BASF SE (Ludwigshafen, Germany; www.basf.com) and LetterOne signed a definitive transaction agreement to merge their respective oil-and-gas businesses in a joint venture (JV), which will operate under the name Wintershall DEA. “With Wintershall DEA we create the leading independent European exploration and production company with international operations in core regions. By combining the two German-based entities, BASF and LetterOne lay the basis for further profitable growth,” says Hans-Ulrich Engel, vice chairman of the Board of Executive Directors and CFO of BASF SE. In the medium term, BASF and LetterOne envisage to list Wintershall DEA through an Initial Public Offering (IPO).
Closing of the transaction is expected in the first half of 2019, subject to approvals of merger control and foreign investment authorities as well as mining authorities and the German Federal Network Agency. Until closing, Wintershall and DEA will continue to operate as independent companies.
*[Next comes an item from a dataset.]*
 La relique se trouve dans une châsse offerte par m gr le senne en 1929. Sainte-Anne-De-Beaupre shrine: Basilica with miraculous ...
In 2017, the combined business of Wintershall and DEA had pro-forma sales of €4.7 billion, income from operations before depreciation and amortization (EBITDA) of €2.8 billion and net income of €740 million. In 2017, pro-forma hydrocarbon production of Wintershall and DEA totaled 210 million barrels of oil equivalent (BOE); this equals a production of around 575,000 BOE/d. The JV will have a regionally more balanced footprint with growth opportunities in the core regions and strives for a daily production of 750,000 to 800,000 BOE between 2021 and 2023. Through the merger, synergies of at least €200 million/yr are expected as of the third year following the closing of the transaction.
Mario Mehren, CEO of Wintershall, has been determined to be the chairman of the Management Board and CEO of Wintershall DEA. Maria Moraeus Hanssen, CEO of DEA, has been determined as the deputy CEO and COO of the JV. In addition, Thilo Wieland, member of the Board of Executive Directors of Wintershall, and Hugo Dijkgraaf, managing director of Wintershall Norge, will be on the five-member Management Board of Wintershall DEA. The appointment of the CFO will take place at a later date.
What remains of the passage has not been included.